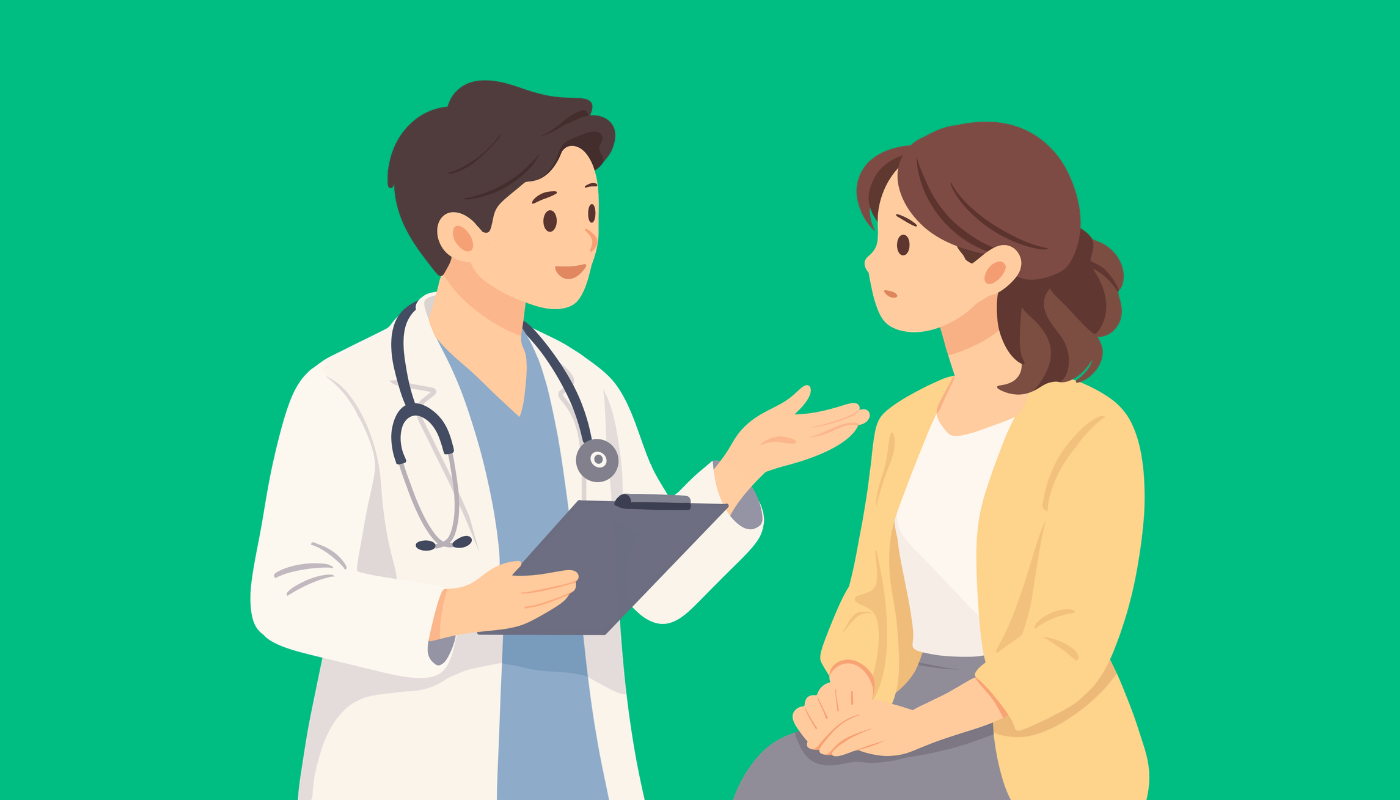 <span id="hs_cos_wrapper_name" class="hs_cos_wrapper hs_cos_wrapper_meta_field hs_cos_wrapper_type_text" style="" data-hs-cos-general-type="meta_field" data-hs-cos-type="text" >Clinique privée : planifier le renouvellement pluriannuel de son parc d'équipements</span>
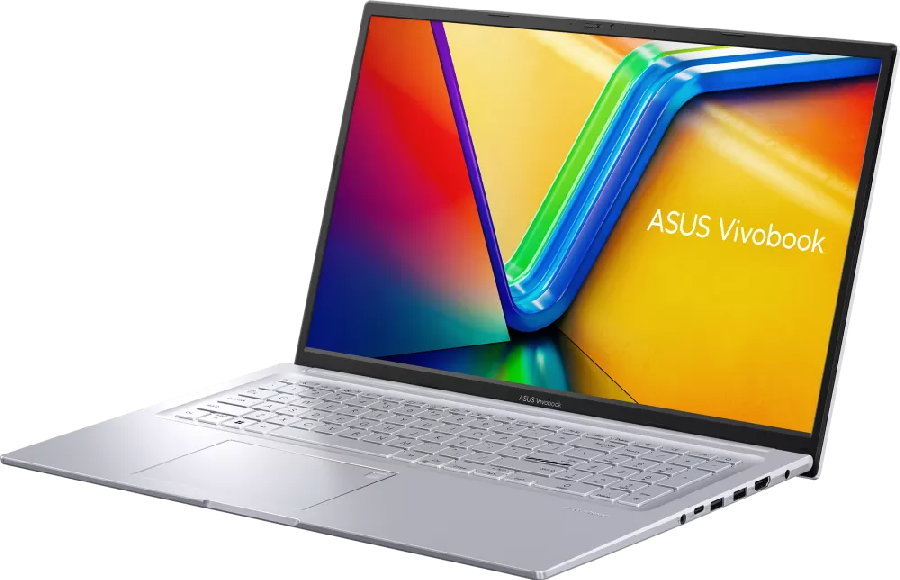 Ноутбук ASUS VivoBook 17X M3704YA-AU087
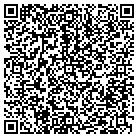 QR code with Innoivative Systems Techniques contacts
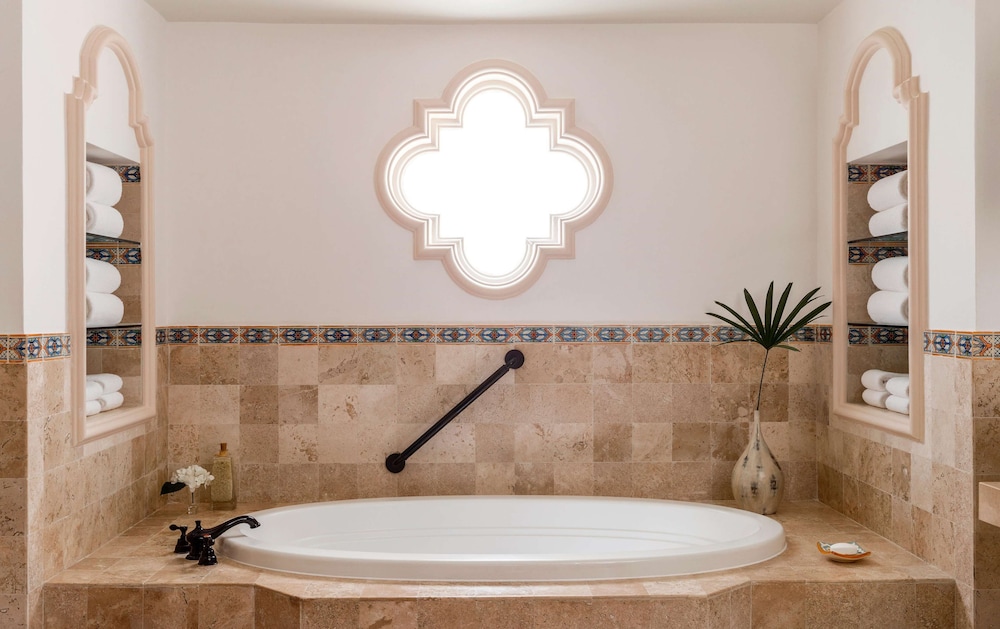 Premier Suite, 1 Bedroom, Oceanfront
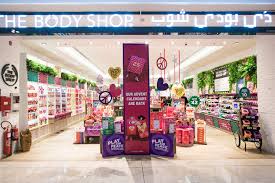 Shop ilia beauty today & receive free shipping on orders $50+ Where To Buy Vegan Make Up In Dubai In 2021 Shopping Time Out Dubai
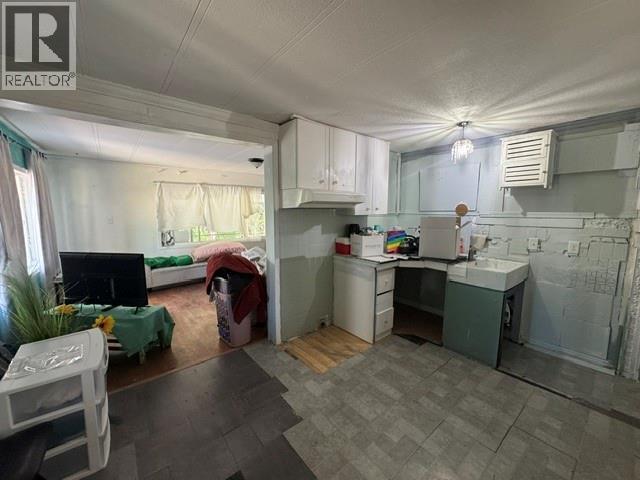12022 Pretty Road Unit# 26, Lake Country, British Columbia  V4V 1H2 - Photo 8 - 10395500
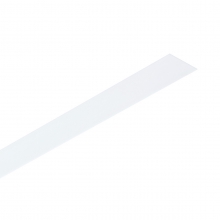 SCHERMO DIFFUSORE OPALE X LED 36W - ROSSINI ILLUMINAZIONE 9758-36 product photo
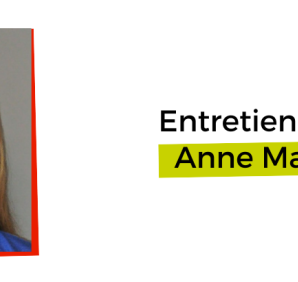 entretien afev anne macey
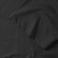 Camiseta de trabajo hombre R-010m-0. Color negro.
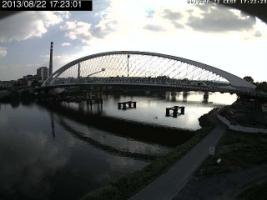 172301_723581495.jpg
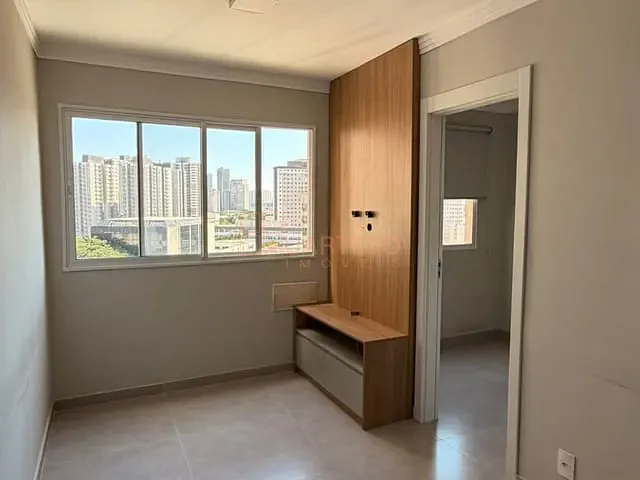 Apartamento 2 quartos e 1 banheiro, para alugar, no bairro Várzea da Barra Funda em São Paulo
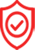 Secure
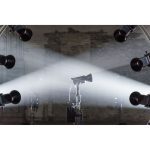 Aputure LS 600d Daylight LED Light-india-tiyana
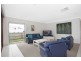 1 Rayner Court, Warrnambool VIC 3280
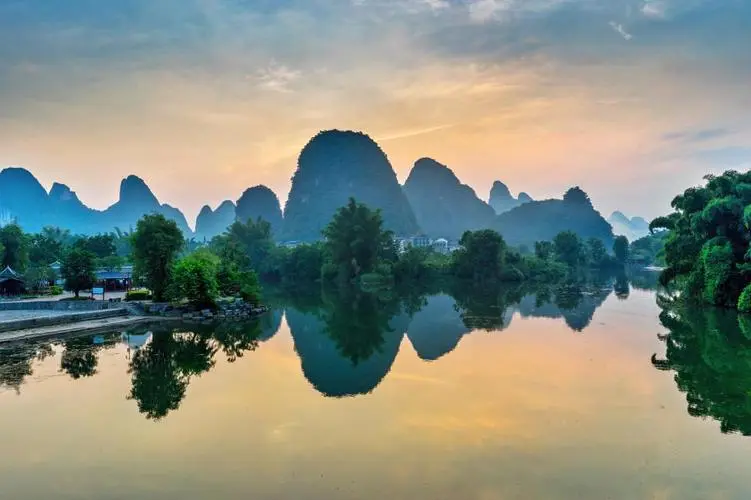 智能高标准稳定性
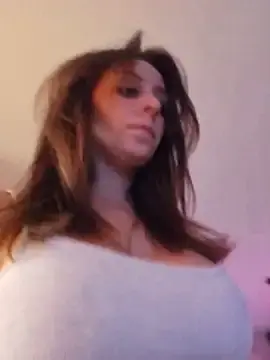 Stripchat Private Sex Chat of LilyOrion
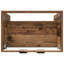 56 mm Single Double Bathroom Vanity Base-45570513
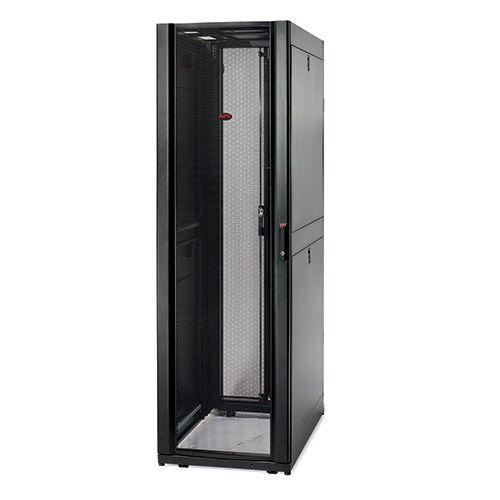 AR3100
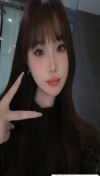 91风流-966370/3_966370.jpg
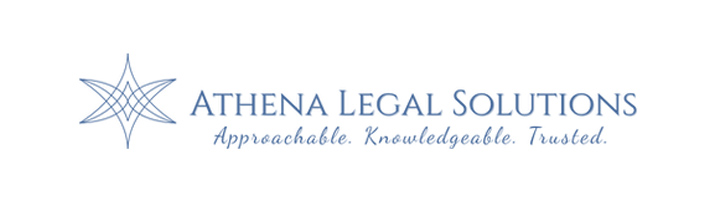 Athena Legal Solutions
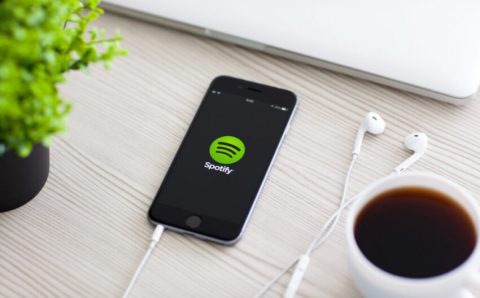 Spotify Tips You Can Do To Promote Your Channel
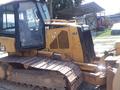 Caterpillar  D4KLGP 2008 года за 10 000 000 тг. в Алматы – фото 4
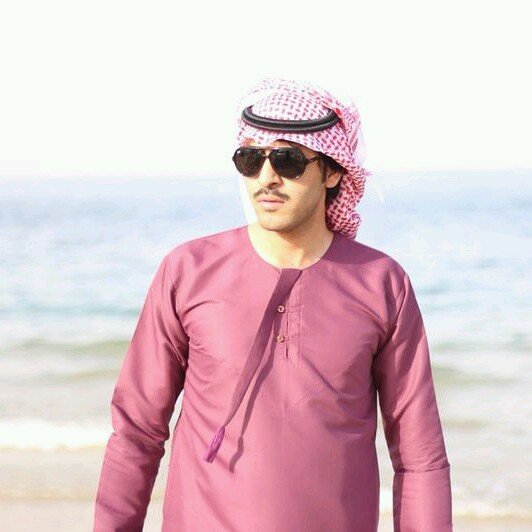 ‏الاستقرام 1m_adossry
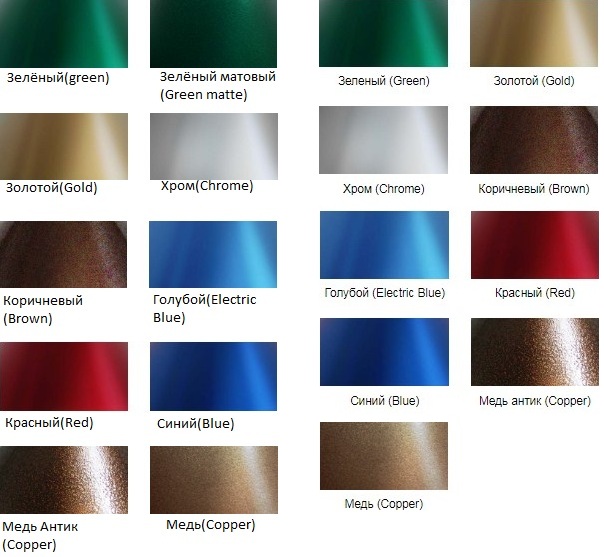 Screenshot_3.jpg Screenshot_3.jpg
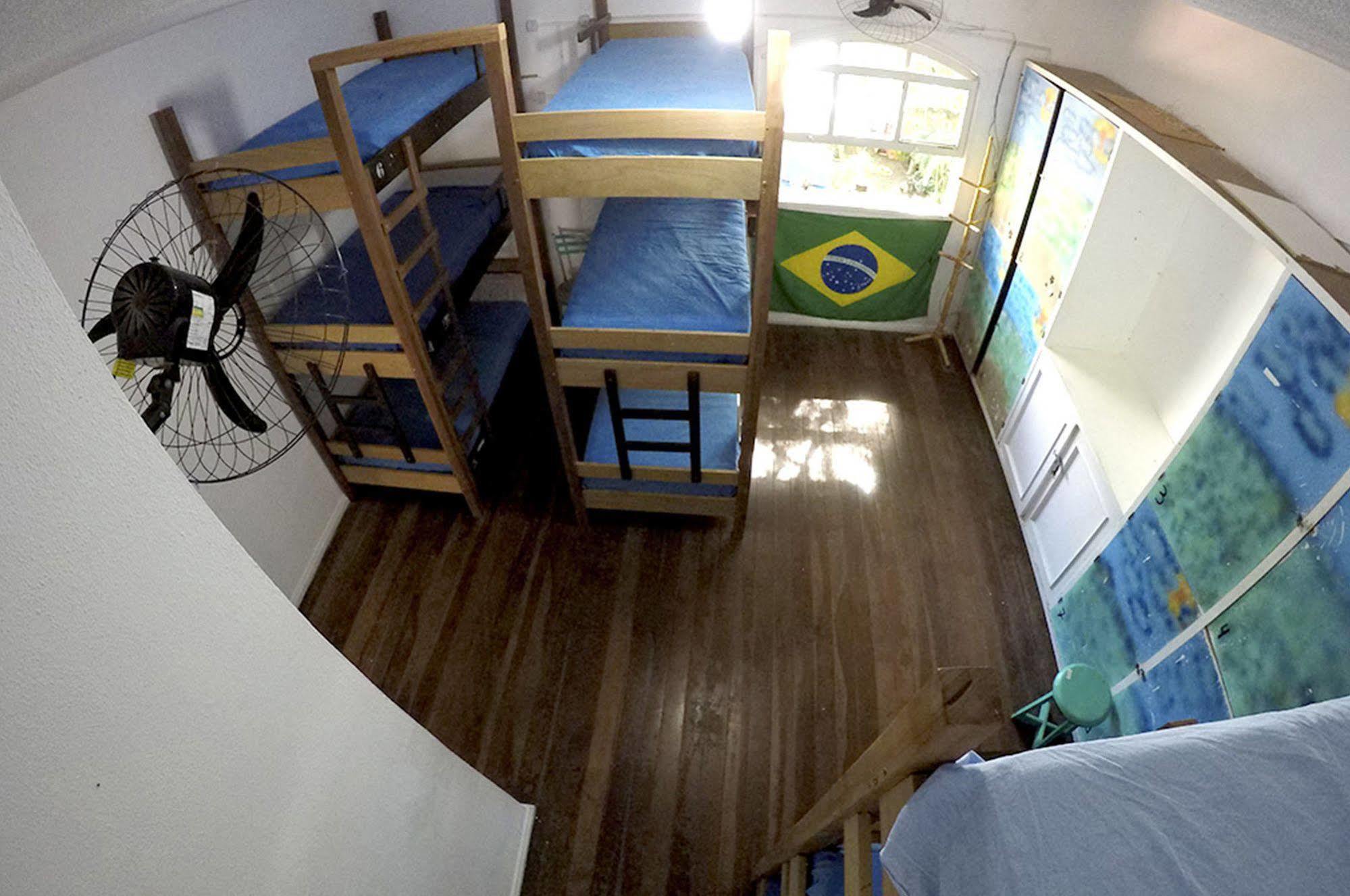 Recanto Carioca 2* Rio de Janeiro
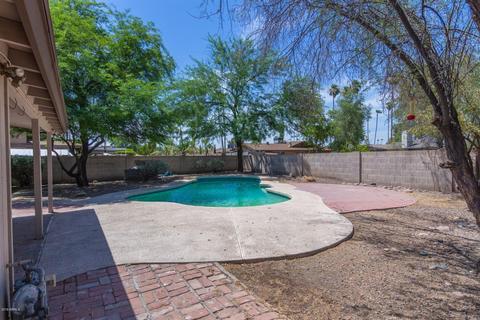 1952 E Laguna Dr, Tempe, AZ 85282 photo 27
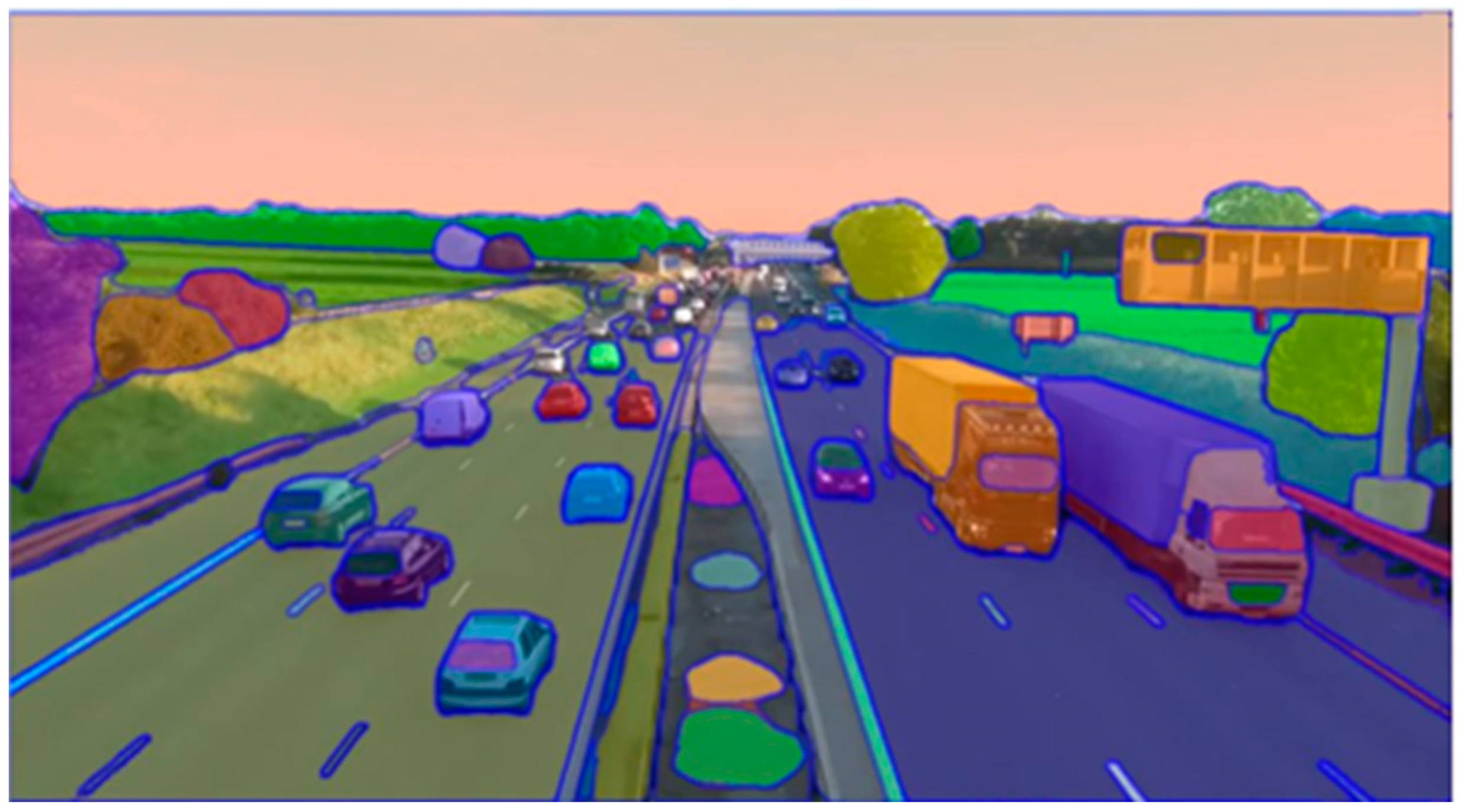 Electronics 13 02883 g002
☆ ☆ ☆ ☆
## Work order:
Restate word for word the lines beginning with the one that contains "Aputure LS 600d" and ending with the last line of the listing; pictures stay out.

## Output for this task:
 Aputure LS 600d Daylight LED Light-india-tiyana
 1 Rayner Court, Warrnambool VIC 3280
 智能高标准稳定性
 Stripchat Private Sex Chat of LilyOrion
 56 mm Single Double Bathroom Vanity Base-45570513
 AR3100
 91风流-966370/3_966370.jpg
 Athena Legal Solutions
 Spotify Tips You Can Do To Promote Your Channel
 Caterpillar  D4KLGP 2008 года за 10 000 000 тг. в Алматы – фото 4
 ‏الاستقرام 1m_adossry
 Screenshot_3.jpg Screenshot_3.jpg
 Recanto Carioca 2* Rio de Janeiro
 1952 E Laguna Dr, Tempe, AZ 85282 photo 27
 Electronics 13 02883 g002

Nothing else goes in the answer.